What the exercise asks: Below are records that hold pictures; write out only the lines from their start through the line with "Скамейки ритуальные - Скамейка", exactly, and drop the pictures.

-- Source data follows --

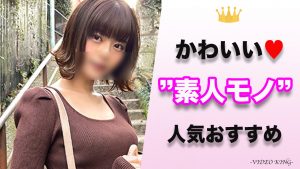 【ハズレ無し】素人モノに出演しているガチで可愛い女の子の人気おすすめランキング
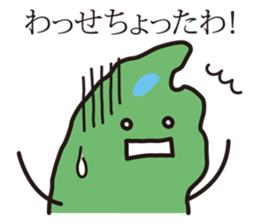 Shimane's Nessan(The Izumo dialect ver)2 sticker #5926099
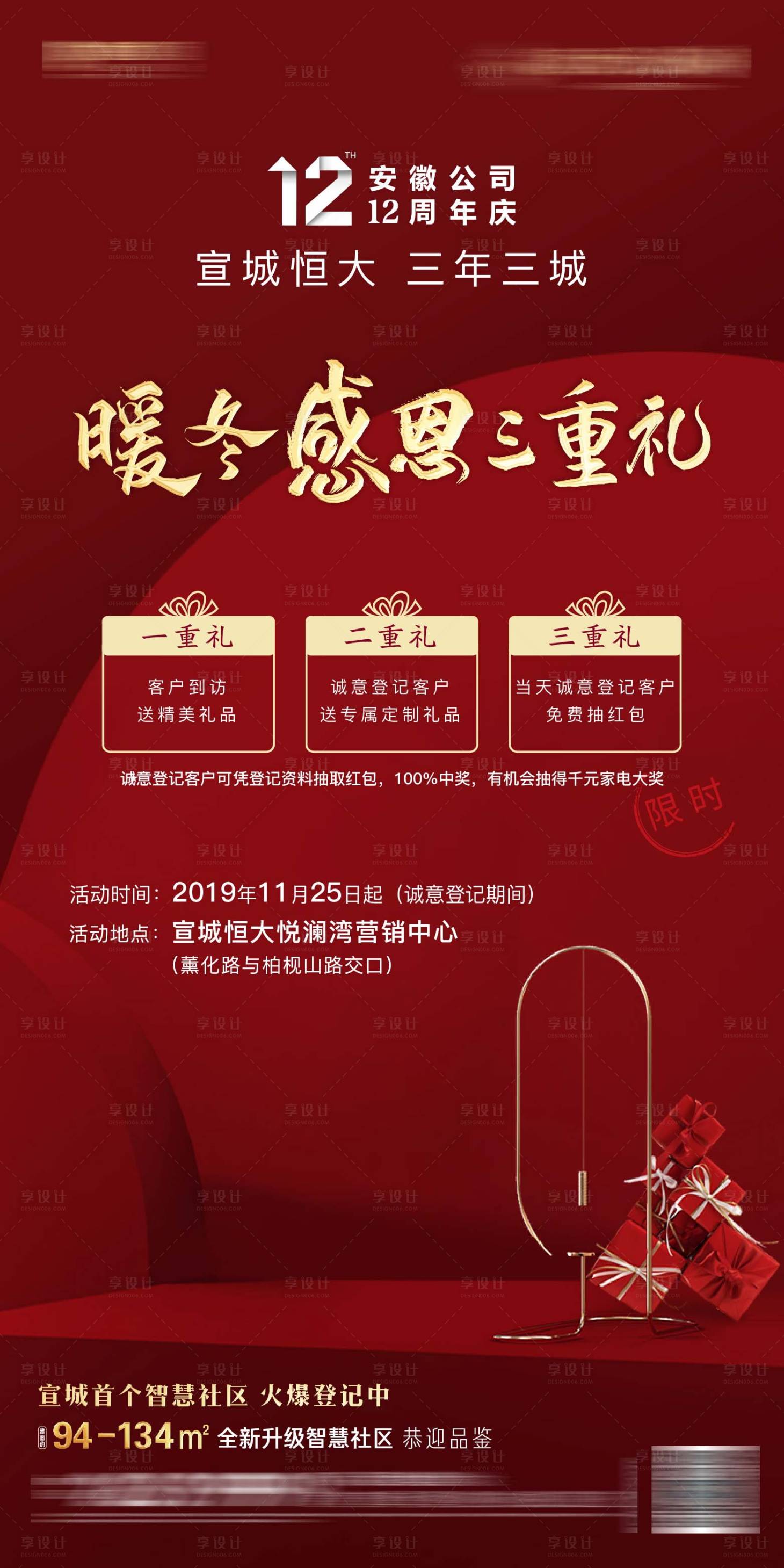 源文件下载【享设计】搜索编号：67470002733036411【地产暖冬感恩三重礼海报】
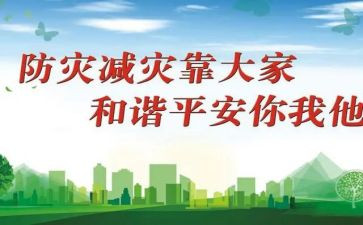 学生讲防灾减灾心得体会8篇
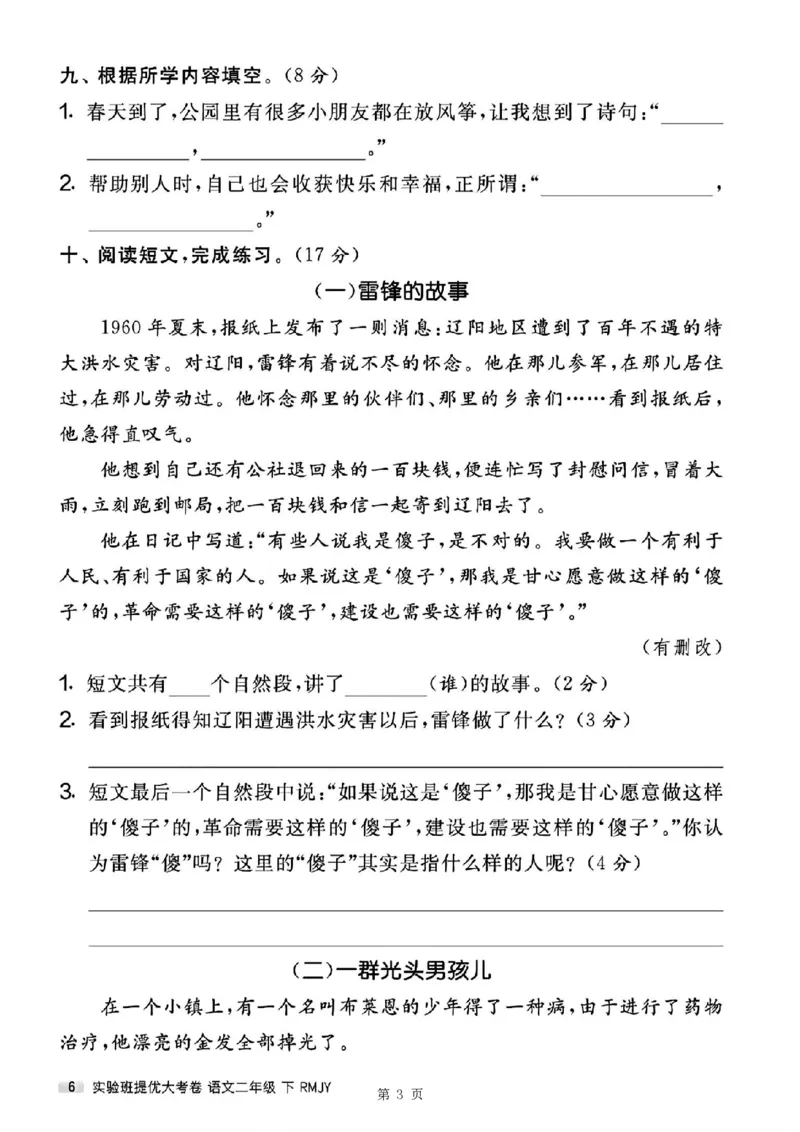 《二年级（下)语文第一次月考卷.3_2年级下册同步教辅_2下-语文_二下语文-单元+期中+期末试卷_二下语文-月考卷》第3页预览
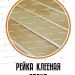 Скамейки ритуальные - Скамейка Дачная 0,9м купить - фото 4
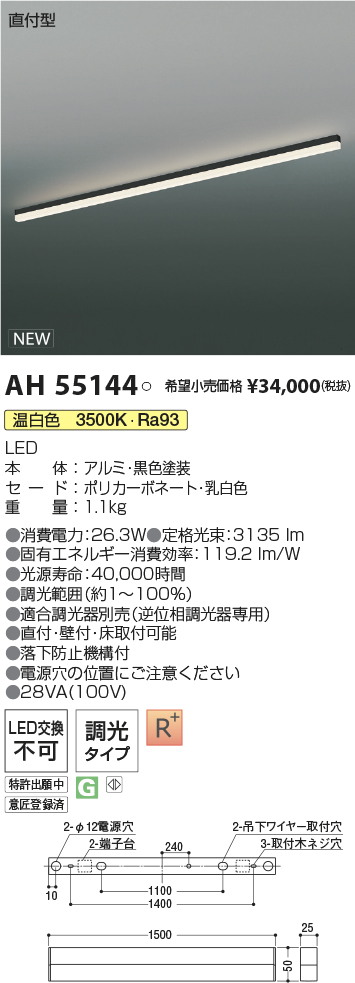 AH55144(コイズミ照明) 商品詳細 ～ 照明器具・換気扇他、電設資材販売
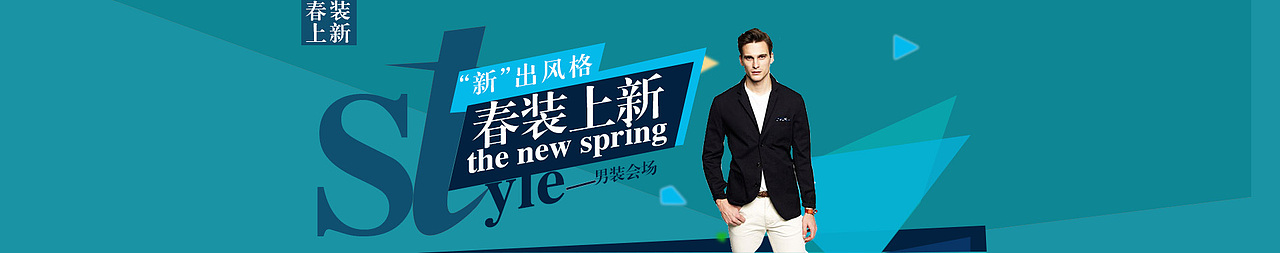 Banner/广告/背景/主图（图ZNzc1NDY5NDQ=） - 运营设计 - 站酷设计师Alisabaobao原创素材 - 站酷ZCOOL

-- Source data concluded --

Task answer:
 【ハズレ無し】素人モノに出演しているガチで可愛い女の子の人気おすすめランキング
 Shimane's Nessan(The Izumo dialect ver)2 sticker #5926099
 源文件下载【享设计】搜索编号：67470002733036411【地产暖冬感恩三重礼海报】
 学生讲防灾减灾心得体会8篇
 《二年级（下)语文第一次月考卷.3_2年级下册同步教辅_2下-语文_二下语文-单元+期中+期末试卷_二下语文-月考卷》第3页预览
 Скамейки ритуальные - Скамейка Дачная 0,9м купить - фото 4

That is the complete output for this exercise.